Nhô Djonzinho Alves está no epicentro dos êxitos que marcaram e produziram a contemporaneidade do panorama musical caboverdiano. Músico, violinista com mãos de pedreiro, profissão que sempre abraçou com igual competência, que, de dia, de ferramenta em punho construía moradias, à tardinha ensaiava melodias, dando corpo à música com o violino que o acompanhou há vários anos e, aos fins-de-semana, animava os sítios onde era chamado a actuar.
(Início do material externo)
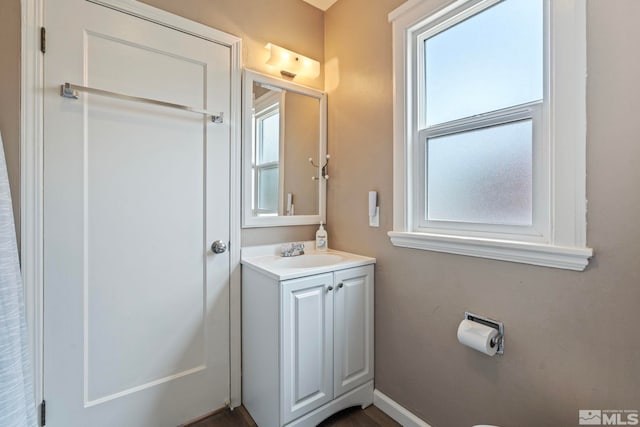 2066 Plumas St, Reno, NV 89509 - bathroom with healthy amount of natural light, vanity, and baseboards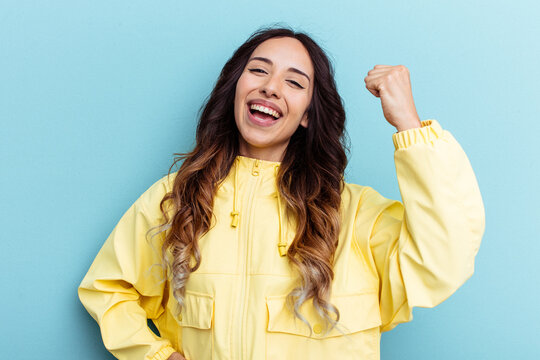 Young mexican woman isolated on blue background cheering carefree and excited. Victory concept.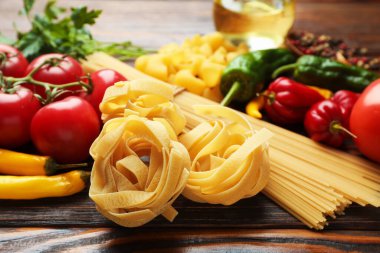 Farklı türde makarna ve malzemeler ahşap masada, yakın plan.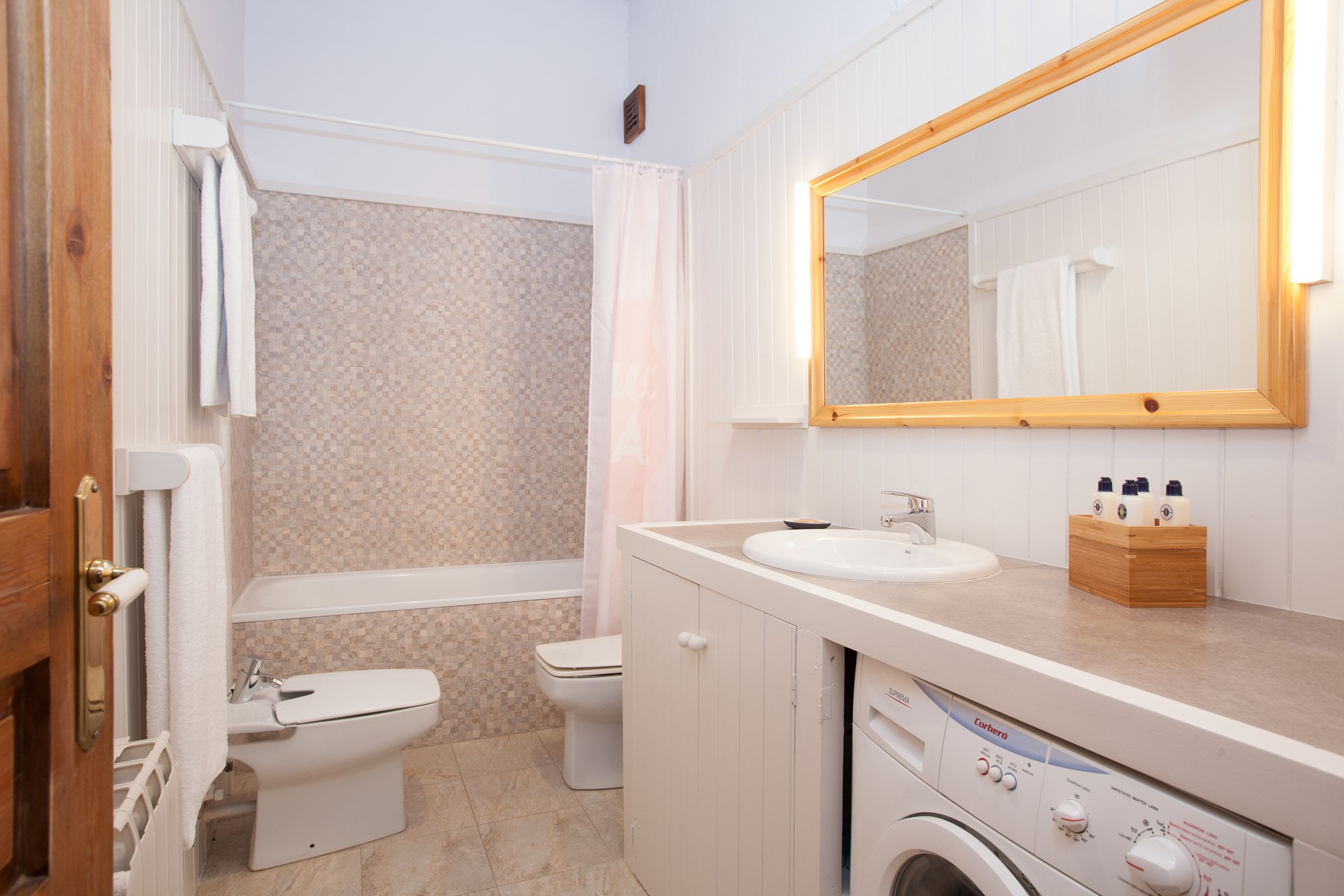 Un baño con inodoro, lavamanos y lavadora.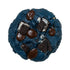 A blue cookie with chunks of Oreo cookies and chocolate chips.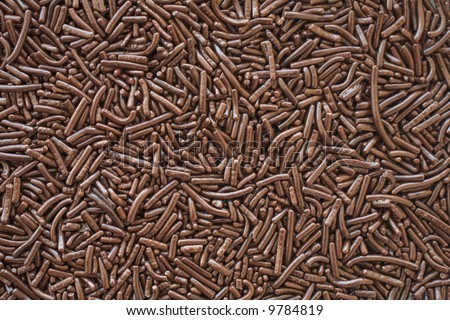 A bed of brown chocolate sprinkles used for cake decoration and dessert toppings. Can be used as a texture or background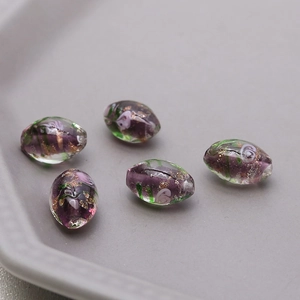 Macro shot of oval glass beads with purple core, green ribbons and gold foil details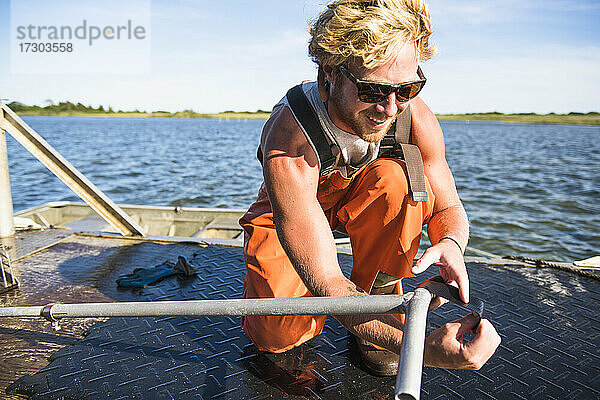 Junger Mann bei der Arbeit auf dem Wasser in der Aquakultur Austernzucht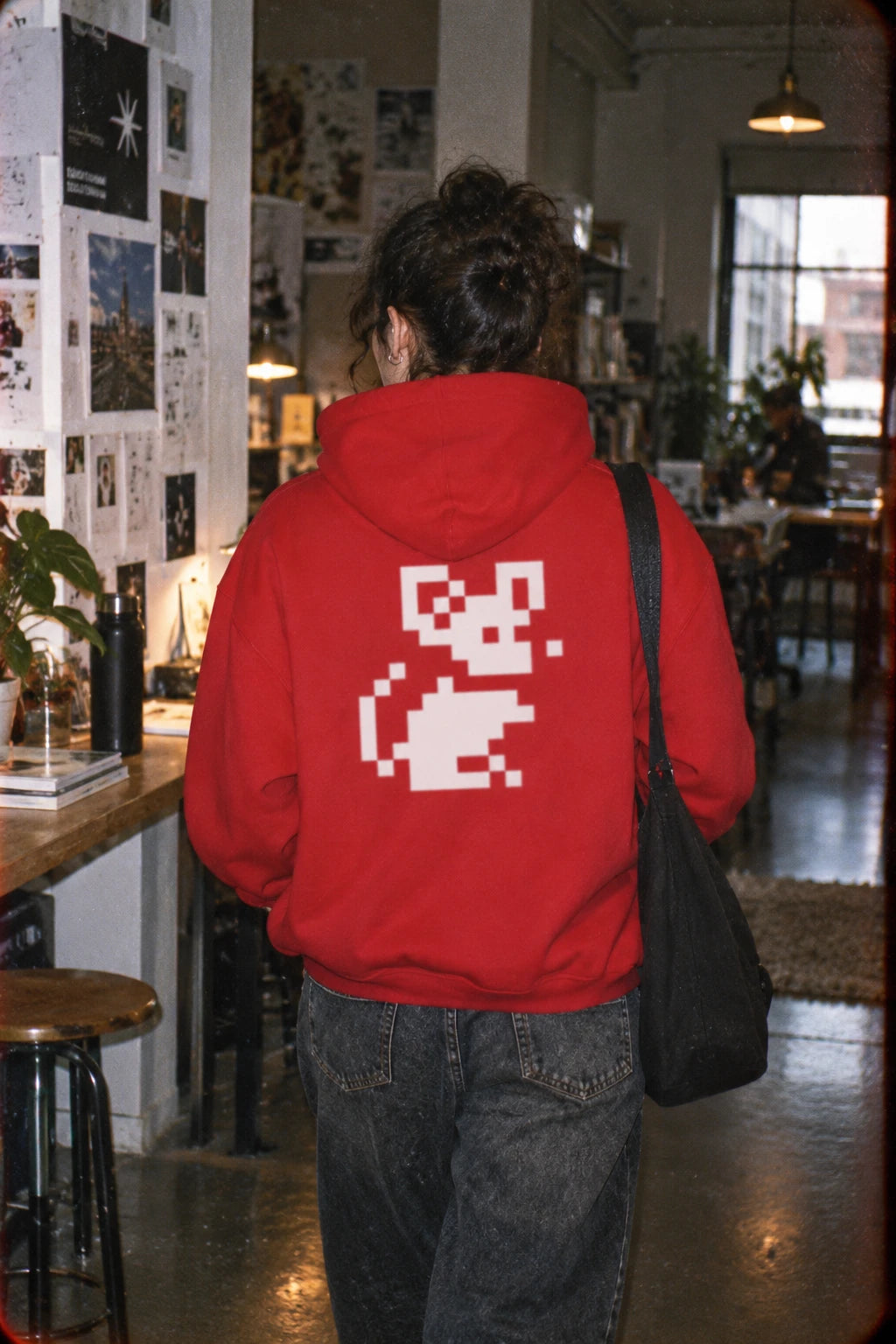 Red Pixel Mouse Zip Hoodie worn from the back in creative studio setting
Para Nhô Djonsinho, a música representava um estado de espírito, mas ao mesmo tempo uma sabedoria que, com mestria soube tocar a alma dos filhos e de todos aqueles que compartiam dessa escola de virtudes.
No momento da morte de um grande, sentimo-nos demasiado pequenos para compreender e explicar a humildade, a tolerância e a grandeza de espírito dos homens de bem, acontecimento que neste momento se celebra. Contudo, somos suficientemente adultos para nunca esquecer deste ícone vivo e do legado a nós deixado, porque de grandeza humana e universal.
A memória de João Alves, do Tio Djonzinho, fixa-se no rosto da letra que dá nome à sua rua, e, fixa-se, também, para todo o sempre, na sua carreira musical, fazendo da música uma arma da continuidade do imprescindível ao sustento da identidade de um povo, mas também um instrumento de promoção da música e da civilidade e da promoção dos valores da cultura nacional. Por isso tudo, por tudo o que fizeste, construíste e nos deixaste, atrevo-me a dizer com toda a classe, provaste como se conquista o “ Mestrado na Universidade da Vida”.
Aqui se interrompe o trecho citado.